Trevor Dean Humphrey Recalled With A Smile
May 10, 1973-January 13 1995
It was Friday, January 13, 1995 when my nephew, Trevor Dean Humphrey, lost his life on an icy stretch of road due to an over-weighted semi which lost control and crashed into his truck. Trevor had just started a new job and was coming home from work.
In my book Walking Up The Ramp I wrote of this matter.
In January 1995, my Mom called early one morning before the sun started cracking over the horizon. I had fallen asleep that night to a movie and was on the sofa downstairs as I reached for the phone. I was not yet awake so the words seemed blurred when she informed me that one of my nephews had been in an accident. I asked, “Is he OK?” One word came back, and it was not the word as much as the tone and choked response of “No” that settled like a boulder on my chest. Trevor Dean had been killed in a highway traffic accident. Trevor was, needless to say, very special to me. His being gone in an instant at such an early age, just after getting his first job that he was so proud of caused for much reflecting, and long nights with a glass of whiskey and water as I sat by myself in the weeks after his funeral trying to make sense of it all. I was not questioning the existence of God, as I have always had faith that there are reasons for everything. The tragedy was such that it required me to ask for some answers as to why. I started to look at the fragility of life in ways I had not done before. My best friend, Todd, had committed suicide following high school and his act was based on the action and decisions he took. I also knew the back story to his inner turmoil and I could somehow logically process it. Even though Todd’s death was horribly sad, I could place that event into some context. Trevor’s passing left me no way to come to a reasonable explanation.

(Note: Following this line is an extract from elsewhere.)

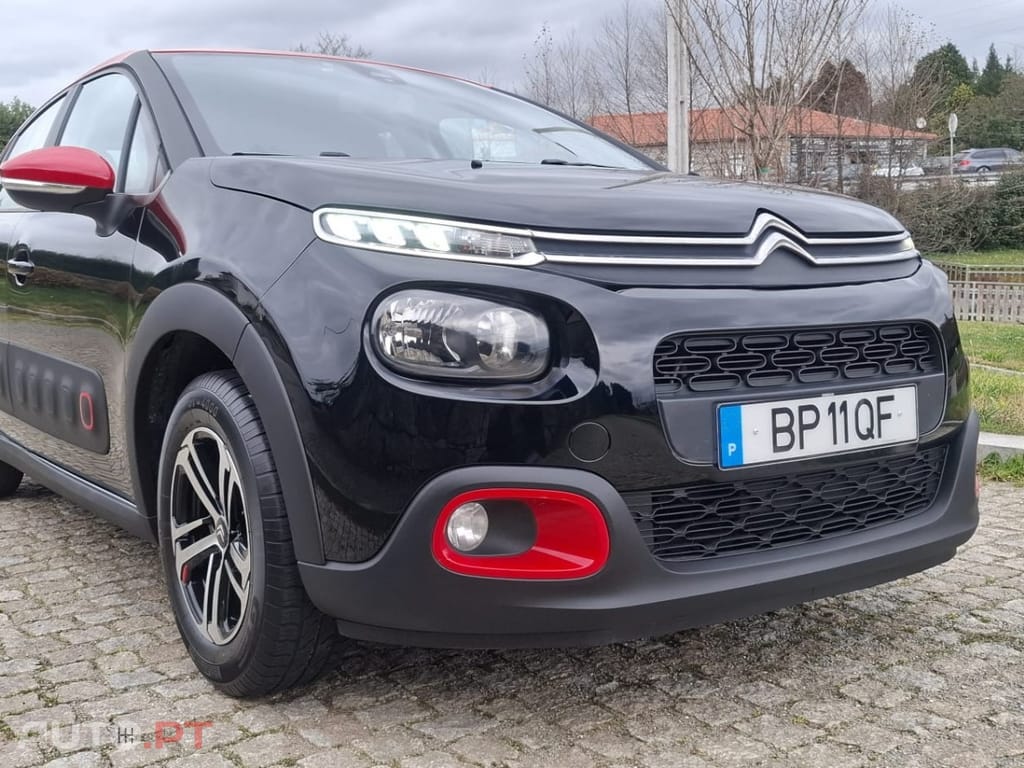 Citroen C3 1.2 PureTech Feel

Every year at this time we go over old pictures and reminisce about the moments that made for smiles and laughter. Often on this date I will make note of Trevor on my blog. Some folks should never be forgotten, and Trevor is definitely one of them.
One of those great memories about Trevor and his brother Troy comes from the ads featuring Mr. Whipple selling Charmin Toilet Paper on television. I was the uncle who knew how to make my nephews laugh, and inspire them with antics that some adults did not always appreciate. But the kids loved them, and that is after all one of the joys of being young.
Suffice it to say without going into details that the satirical moments when I played Mr. Whipple brought lots of laughter from the boys. I knew it was a winner when they requested the comedy to be repeated. With that I offer in memory of Trevor the ad man Mr. Whipple. Somewhere I know there is a giggle from the one who asked me to use his name on the radio for my on-air personality. I did that for four years. From my book comes the following passage.
My nephew, Trevor, was a remarkable boy. He had a pleasant personality, and a most winning smile. He was always so pleased when someone had a little more faith in him than he had in himself. I tried always to extend that extra assurance to him. Trevor had a certain look in his big blue eyes when he wanted to join in some game or participate in another group’s activity. That was perhaps the softest that I have ever experienced. It was, to say the least, irresistible. I couldn’t help but encourage Trevor who knew that I intended to study at a broadcasting school. We joked about my being on the air, and he suggested that it would be fun to hear his own name on the radio someday. We laughed about it in silly ways over the months before I left home. When it came time to select my on-air name, no doubt remained as to how it would start–Trevor. The ‘James’ part came from my liking Sonny James, a country singer I continue to enjoy. ‘Trevor James’, then, was created, and my nephew was so pleased.
Yes, there are lots of great memories that flood back today.